I really get off on tracks like ‘Play That Funkin' Music’, ‘Hippty Cat Mama’, ‘Let's Go’, ‘Come On Baby’ and ‘I Walked Everywhere’, the steamy, bluesy, rocking numbers that Mungo Jerry have always performed well, you have a great sound there? "They were fun to do", explained Mike, "and reminded me a bit of the Northcote Arms days. Just like the old days, it was all very spontaneous with minimal rehearsal. I could have used electric bass on some of those tracks and maybe we'll do that next time, but acoustic bass is perfect for rockabilly sound and feel and also for more lyrical numbers. I love playing double bass and use it most of the time because of my involvement with jazz, but I do enjoy playing electric now and again. I have always tended towards acoustic instruments, which I feel are more in tune with human sensitivity. The (mainly) acoustic instrumentation of the original Mungo Jerry line-up was, I believe, one of its main attractions. Not only did this give it a different sound but also a very distinctive image and stage appearance from most rock/pop groups of the time".

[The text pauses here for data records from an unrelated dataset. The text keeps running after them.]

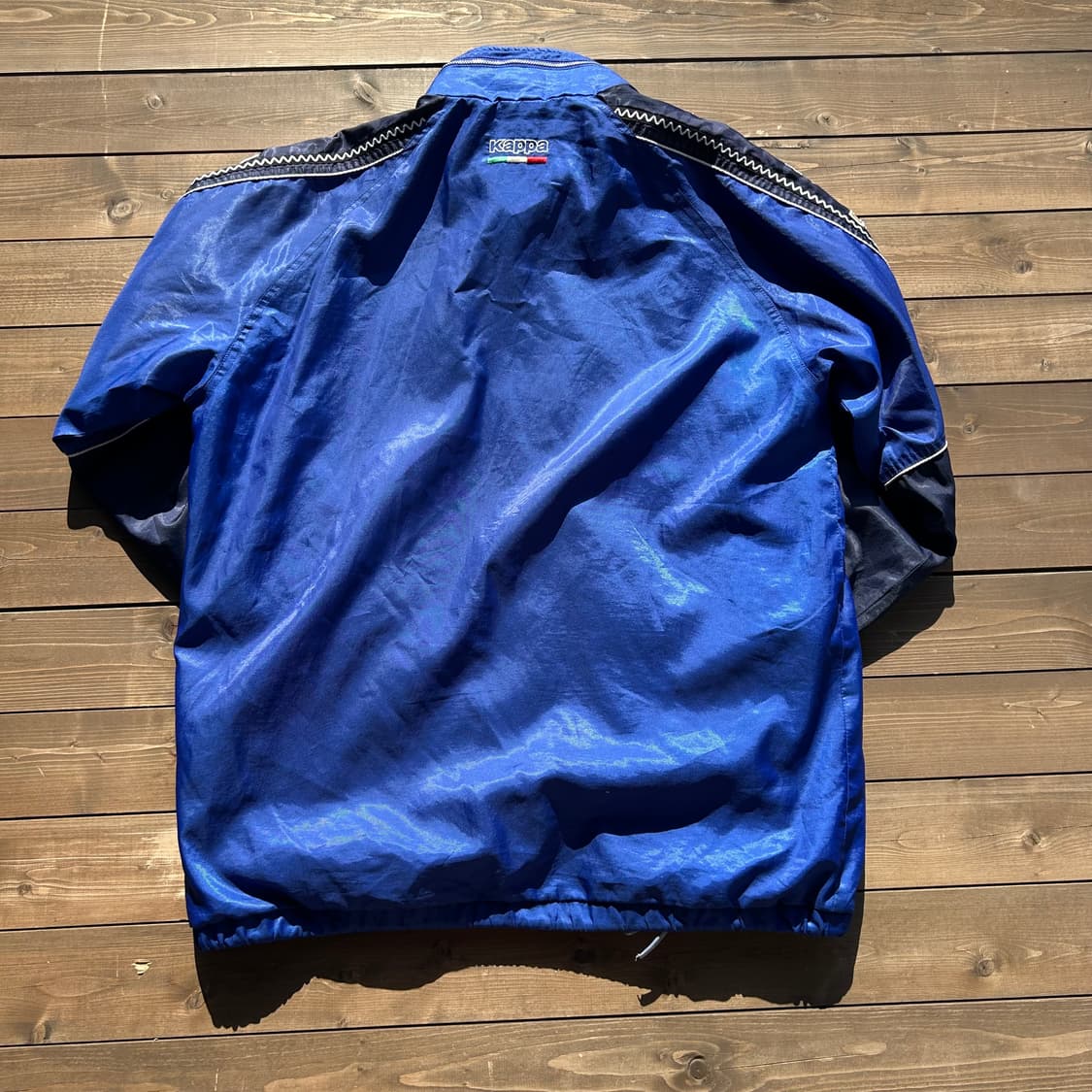 [XL] 올드스쿨 카파 빈티지 바람막이 자켓 상품이미지2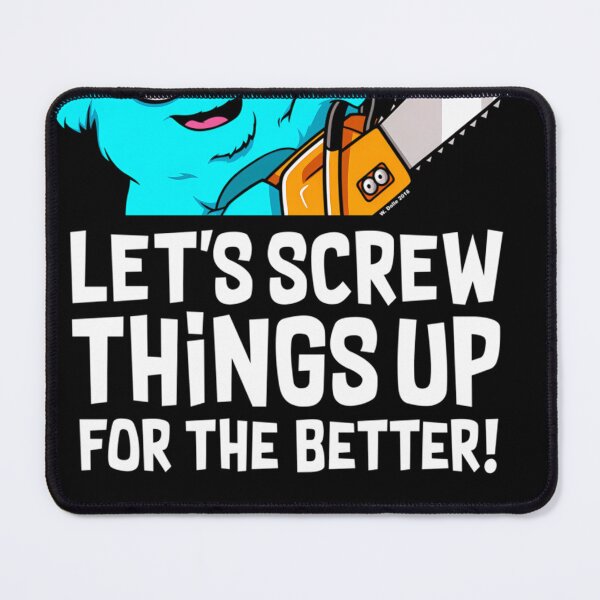 Item preview, Chainsaw-Beebo designed and sold by AndreZankl.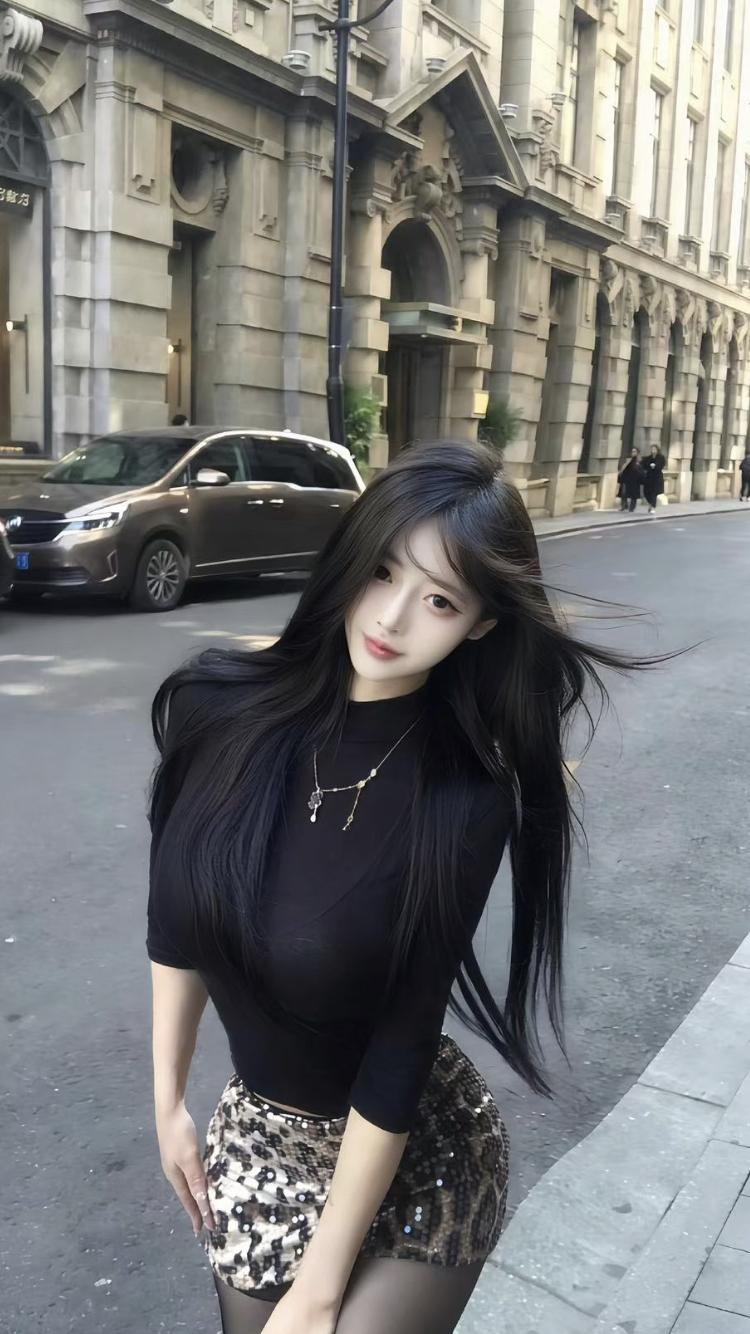 太美了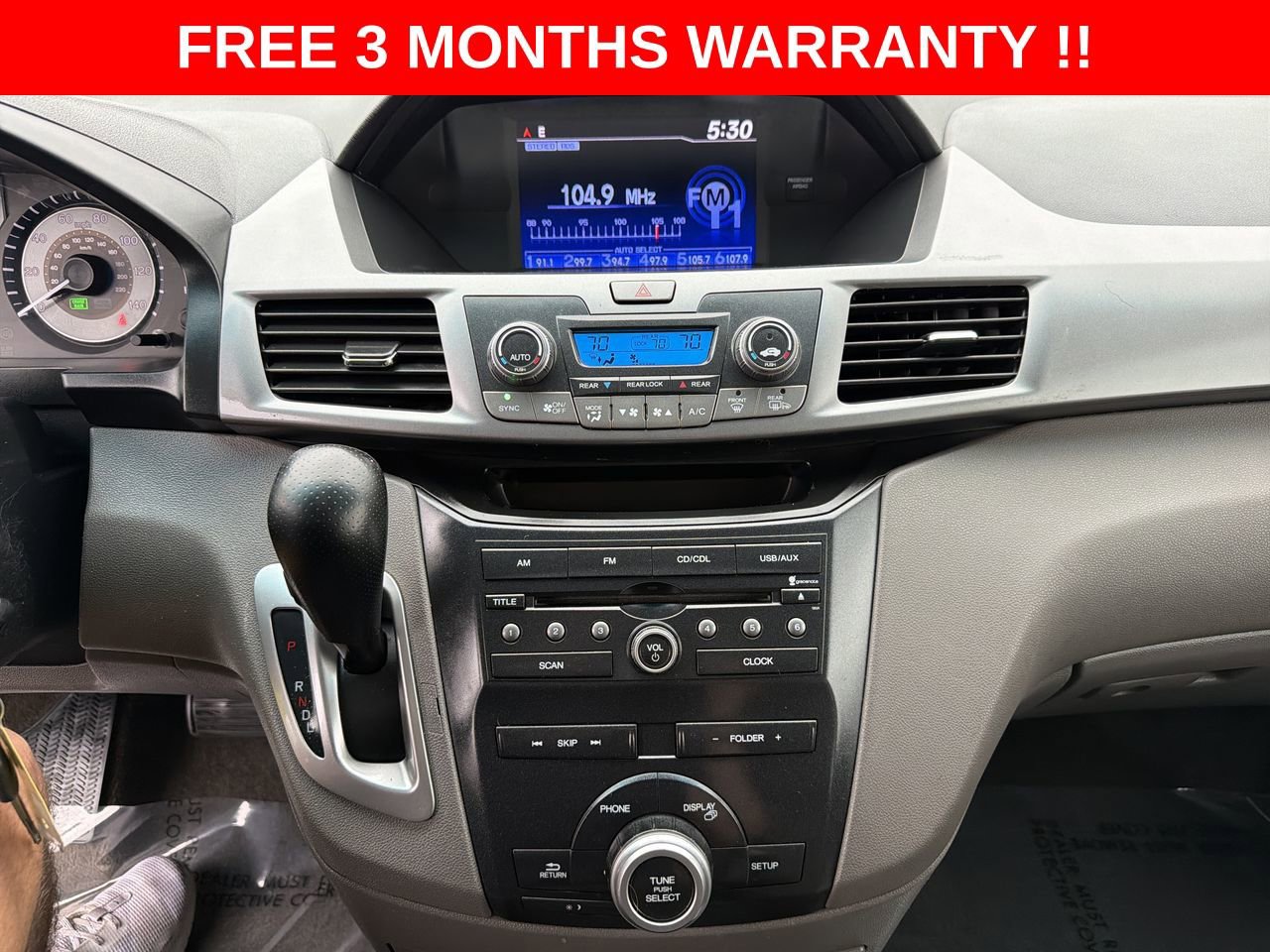 Used 2012 Honda Odyssey EX image 17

"Electronic gear is great of course, but in different ways and especially in conjunction with digital technology which I use myself quite a lot these days (for writing, arranging and practicing) and in my opinion it's an important option and should form part of a musician's armoury - but not all of it. I do feel that mechanical material has become too dominant in popular music and it's sad that so many young people are conditioned to hearing (and liking) only quantized sounds and do not experience the human quality and beauty of great music. As it happens, Ray opted for analogue rather than digital recording on some tracks which leads me to believe that maybe he thinks along similar lines".

Bruce said, "Aye. It's helped by being recorded live on good old fashioned tape recorders through valve-powered (in places) equipment. Digital may give a more 'accurate' representation of the sound, but it tends to sound unnaturally clean and takes work to make it actually sound 'good' and 'exciting'. The chaps at Toe-Rag and Gizzard studios instinctively know how to capture the best from a live performance. Obviously there are overdubs, but the basic rhythm section, including most vocals and occasionally harp were all done at the same time".

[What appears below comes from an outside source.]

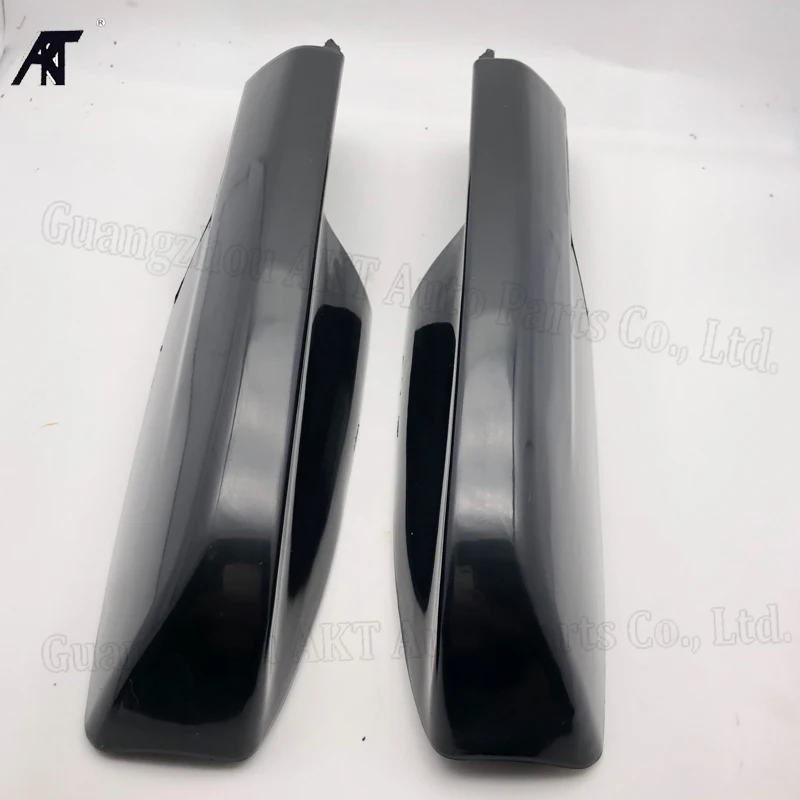 Roof rack cover roof bar end shell for:For Toyota Highlander XU20 2001 2002 2003 2004 2005 2006 2007 Black color 4PCS/LOT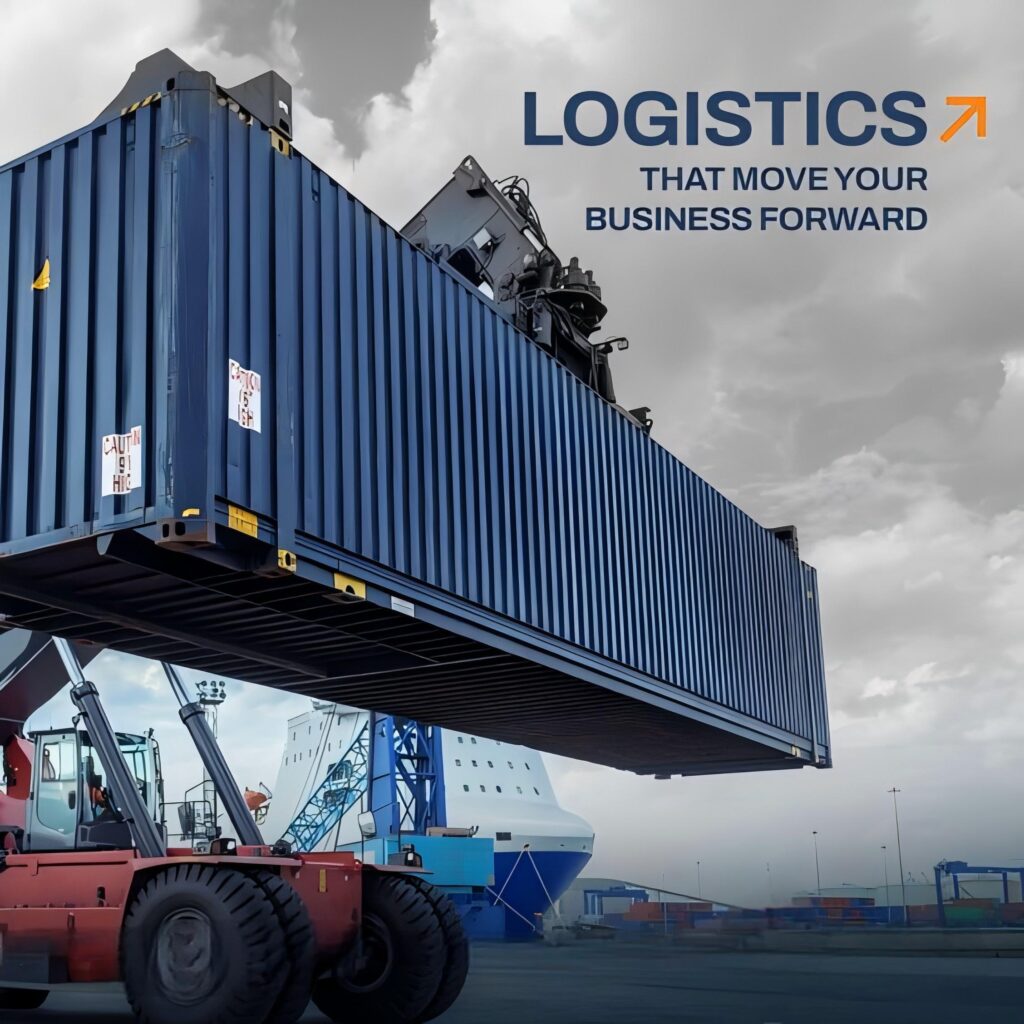 Customs documentation for machinery import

Do you have any personal favorite tracks? "Hmmm... Obviously I like all of 'em", said Bruce diplomatically, "but 'Motor Biking', 'Funkin' Music' 'Liar', 'Walked Everywhere', 'Make Me Happy' and 'Go To Sleep' spring to mind".

I asked Ray, what pleased him most about the finished recording and if we could expect to see this line-up playing more gigs together? "To me, the whole vibe was captured, and the album seems to have the organic feel like most of the stuff that turned me on to music in the first place when I was a kid. We had a blast at Mr. Kyps, it would be good to do more if the guys fancy it, I know that they have commitments with other bands. I would like to make another album with the same line up too".

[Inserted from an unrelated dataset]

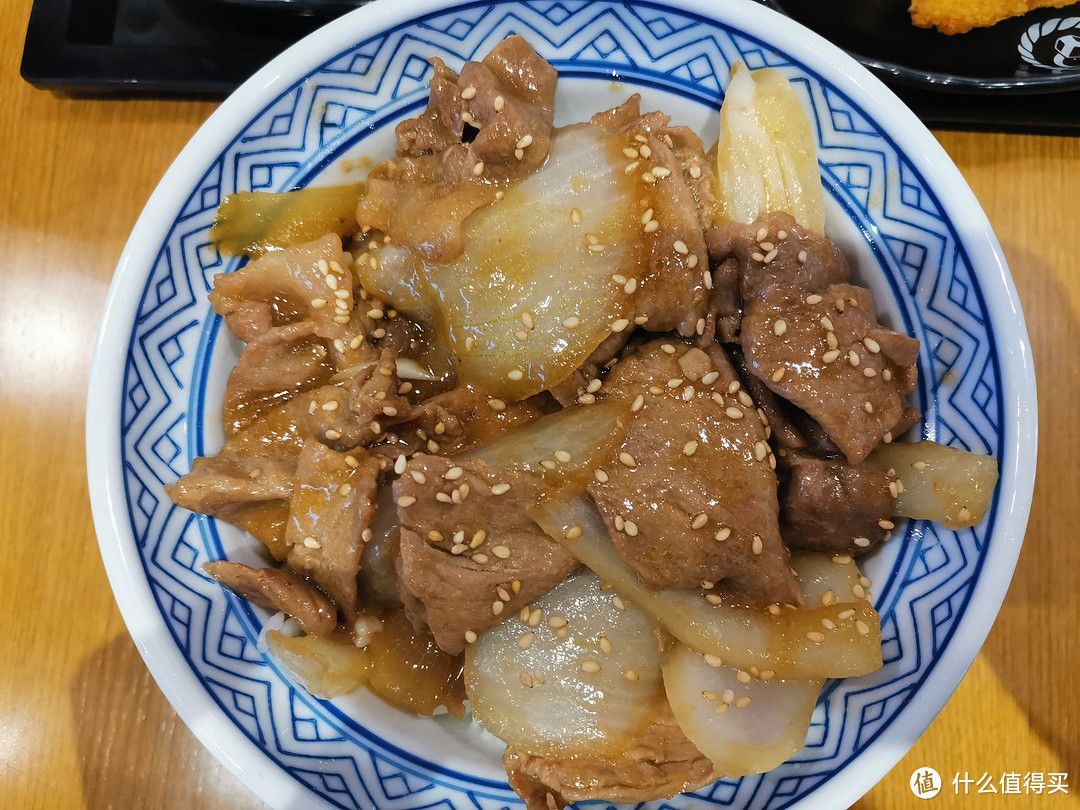 牛肉饭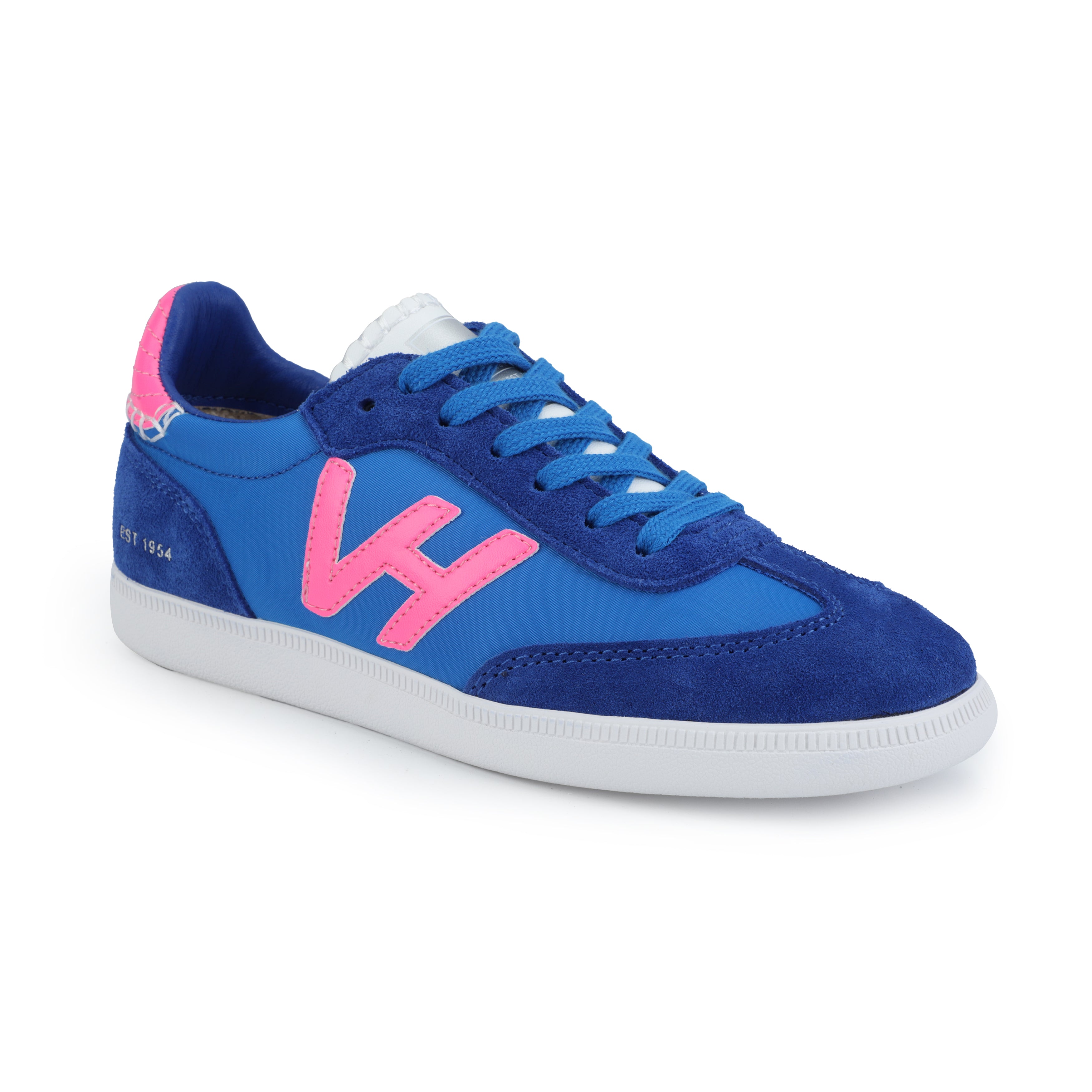 CRISP - ELECTRIC BLUE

At the time of this interview, the album had already been released in Germany, but was it in the plans to see it released further afield? When and where (which countries) is the album going to be released? Ray provided the answer, "The record company is planning to release in the whole of the European territories, and I have to organize placement in the rest of the world".

"It is all kind of low key, no hype, no bullshit"!

Thanks, Ray, Mike and Bruce.


Derek and Alan

'Naked From The Heart' will turn out to be one of the highlights of the vast Mungo Jerry discography. I can only hope that someone with a love of honest from the heart music takes on 'Naked' and gives it the push it deserves. I can honestly say that I am proud to be associated with a songwriter/singer/performer who can with the help of a talented backing crew put out raw but polished music in this way.


Derek is dead right! 'Naked From The Heart' is a Mungo classic, capturing for me all the things I love about Mungo Jerry. The raw, earthy sound that I latched on to in 1970 is alive and well and still sounding fresh in 2006. Amazing songs, expertly played in a variety of styles by a very talented line-up, our old friend Mike Cole on double bass and our new friend Bruce Brand on drums and percussion. Congratulations and thanks to all parties - another Mungo gem!!!